The temporal information of encrypted traffic not only involves past behavior but also encompasses future trends. BiLSTM, by simultaneously considering both forward and backward temporal information, enables the model to establish connections between the past and future byte states, thereby providing a more comprehensive feature representation.

4.3. Feature Fusion and Classification Based on Attention Mechanism

This paper uses an attention mechanism-based feature fusion module to combine the outputs of the packet-level feature extraction module and the byte-level feature extraction module into a single feature vector. This approach captures the inherent dependencies between different data positions within the traffic from a global perspective and highlights key byte features. The module includes a multi-head attention layer and a feature concatenation operation, where the attention layer contains four attention heads. Specifically, the output of the BERT-based packet-level feature extraction module is used to construct the query matrix Q , while the output of the CNN-LSTM-based byte-level feature extraction module is used to construct the key matrix K and the value matrix V . The main computation formula [10] of this module is as follows:
MultiHead ( Q , K , V ) = Linear ( Concat ( Attention 1 , , Attention h ) )
where Linear ( ) represents the linear mapping, Concat ( ) denotes the concatenation operation, and Attention i represents the computation of each individual attention.
Based on the feature fusion, we perform classification through a fully connected layer.
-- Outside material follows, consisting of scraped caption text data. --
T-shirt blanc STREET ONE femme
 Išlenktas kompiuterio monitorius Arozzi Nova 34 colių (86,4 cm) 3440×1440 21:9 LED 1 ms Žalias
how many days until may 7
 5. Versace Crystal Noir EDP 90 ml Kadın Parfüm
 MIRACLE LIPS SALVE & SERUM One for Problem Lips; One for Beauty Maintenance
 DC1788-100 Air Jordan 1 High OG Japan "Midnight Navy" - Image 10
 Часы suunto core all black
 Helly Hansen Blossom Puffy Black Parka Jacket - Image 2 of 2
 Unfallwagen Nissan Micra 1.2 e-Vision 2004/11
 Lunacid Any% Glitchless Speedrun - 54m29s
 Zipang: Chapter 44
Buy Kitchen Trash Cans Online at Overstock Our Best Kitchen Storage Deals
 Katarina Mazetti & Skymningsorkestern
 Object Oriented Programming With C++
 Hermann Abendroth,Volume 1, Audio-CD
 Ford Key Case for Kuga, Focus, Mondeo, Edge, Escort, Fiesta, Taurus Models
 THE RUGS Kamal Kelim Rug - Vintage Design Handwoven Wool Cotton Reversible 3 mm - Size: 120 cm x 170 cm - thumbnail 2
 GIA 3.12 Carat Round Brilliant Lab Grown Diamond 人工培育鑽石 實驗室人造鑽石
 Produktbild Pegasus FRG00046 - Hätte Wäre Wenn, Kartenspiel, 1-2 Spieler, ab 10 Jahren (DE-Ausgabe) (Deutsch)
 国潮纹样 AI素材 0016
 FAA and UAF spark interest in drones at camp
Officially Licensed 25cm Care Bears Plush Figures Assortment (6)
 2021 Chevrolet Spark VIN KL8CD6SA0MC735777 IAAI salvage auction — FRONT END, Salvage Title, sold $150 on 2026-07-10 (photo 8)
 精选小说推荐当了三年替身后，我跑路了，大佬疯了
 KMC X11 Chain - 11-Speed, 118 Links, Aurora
The final output logits represents [6] the scores of each input sample across various categories, as shown in Equation (7).
logits = W X + b
where X represents the concatenated feature vector, W denotes the mapping from the concatenated feature vector to the number of categories, and b represents the bias of the categories.

5. Experiment

5.1. Experimental Environment and Setup

The experiments were conducted on a computer running Ubuntu 20.04 operating system and Python 3.8, equipped with an Intel(R) Xeon(R) Platinum 8481C processor and an NVIDIA GeForce RTX 4090D (24GB VRAM) GPU accelerator. In this experiment, the model is implemented and fine-tuned using the Universal Encoder Representation (UER) framework [32] and the PyTorch 1.11.0 framework. UER is an open-source framework designed for training and fine-tuning pre-trained language models, supporting a variety of pre-trained models, including BERT, GPT, and others.
The model’s parameter settings are as follows: In the BERT layer, the maximum input length is set to 128 tokens, and the token embedding dimension is 768. The batch size is set to 64, the learning rate is 2 × 10−5, the number of training epochs is set to 16, and the Adam optimizer is used.

5.2. Dataset

To comprehensively evaluate the performance of the CLA-BERT model in different encrypted traffic classification scenarios, this study selects two representative scenarios: TLS 1.3 encrypted application classification and VPN traffic detection. Experiments were conducted on two commonly used public datasets, with three encrypted traffic classification tasks, as shown in Table 2.
In the TLS 1.3 application identification task, the experiment used the CSTNET-TLS 1.3 dataset [6] released by the Chinese Academy of Sciences. This dataset was collected from real network environments between March and July 2021, covering traffic samples from 120 applications supporting the TLS 1.3 protocol from the Alexa Top 5000 sites.
For the VPN encrypted traffic classification task, the ISCX-VPN dataset [33] was used, which was captured by the Canadian Institute for Cybersecurity. The dataset contains six types of communication applications, covering both VPN and non-VPN traffic. To further assess the model’s performance at different service and application levels, the dataset was subdivided into two datasets based on service type and application type: the ISCX-VPN-Service dataset [33], which includes 12 service categories, and the ISCX-VPN-App dataset [33], which includes 17 application categories. Through experiments on these subdivided datasets, we can more comprehensively test the adaptability of the CLA-BERT model in different traffic scenarios.
To mitigate the bias caused by data imbalance in the aforementioned dataset, we randomly selected 5000 samples from each category. For categories with fewer than 5000 samples, the sample size remained unchanged. Since the majority of categories have more than 5000 samples, and only a small number of categories have fewer than 5000 samples, undersampling or oversampling methods were not applied to handle these minority categories. Maintaining the current sample sizes helps avoid excessive artificial intervention in the minority categories, thereby ensuring the authenticity and representativeness of the dataset. Finally, the dataset was divided into training, validation, and test sets in an 8:1:1 ratio.

5.3. Evaluation Metrics

To evaluate the performance of the CLA-BERT model in different encrypted traffic classification tasks, we employed four evaluation metrics: accuracy, precision, recall, and F1 score. These metrics aim to assess the model’s classification performance on encrypted traffic from different perspectives. The specific calculation formulas are shown in Equations:
Accuracy = T P + T N F P + T N + F P + T N
Precision = T P F P + T P
Recall = T P F N + T P
F 1 = 2 × Precision × Recall Precision + Recall
where T P represents the number of samples correctly classified as the target category, F P represents the number of samples incorrectly classified as the target category, T N represents the number of samples correctly classified as non-target categories, and F N represents the number of samples incorrectly classified as non-target categories.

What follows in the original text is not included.